## Material to process
* * * * *
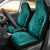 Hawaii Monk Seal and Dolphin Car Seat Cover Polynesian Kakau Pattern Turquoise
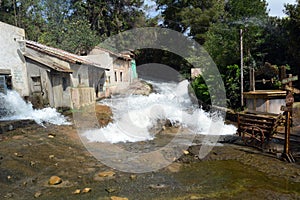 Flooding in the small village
* * * * *
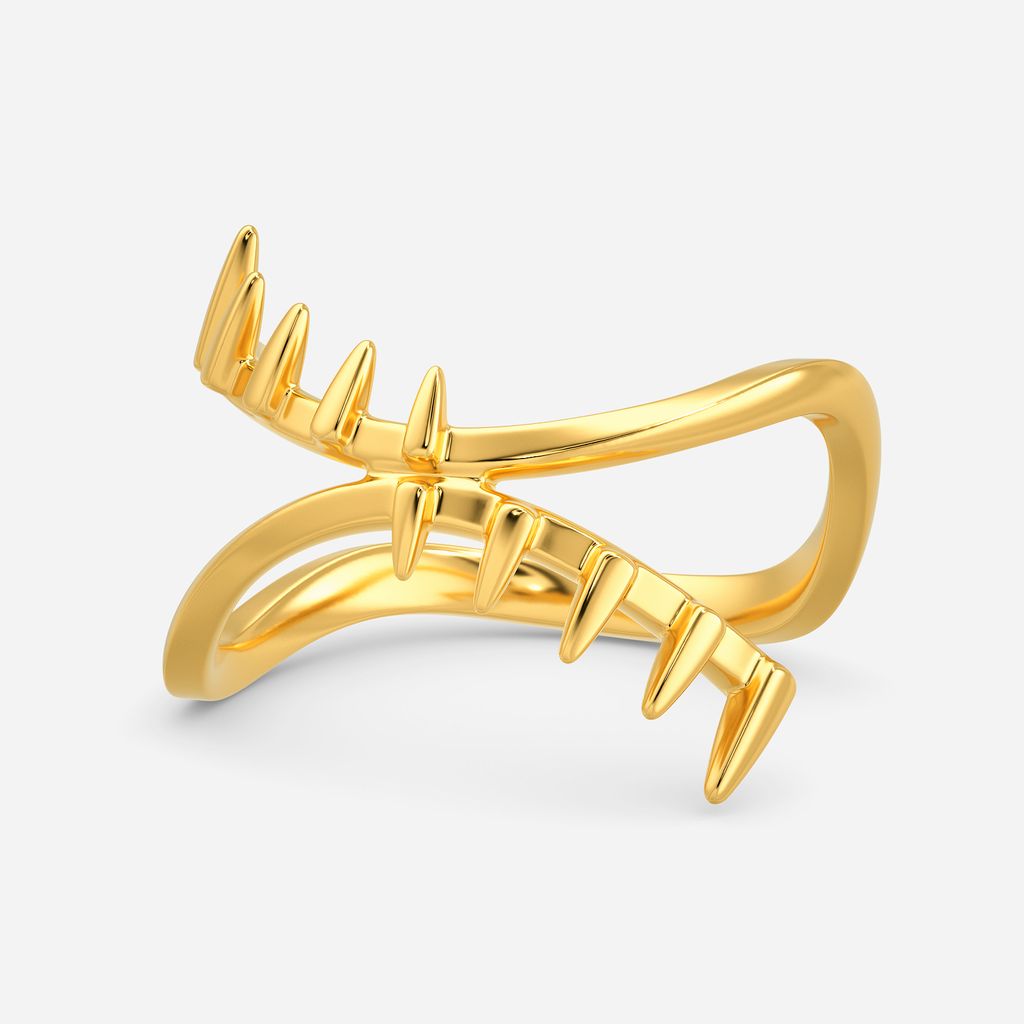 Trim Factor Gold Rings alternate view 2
* * * * *
Copy word for word the lines above, starting at the line containing "Hawaii Monk Seal" and ending at the line containing "Flooding in the small village", inclusive, with no pictures.

## Exercise output
 Hawaii Monk Seal and Dolphin Car Seat Cover Polynesian Kakau Pattern Turquoise
 Flooding in the small village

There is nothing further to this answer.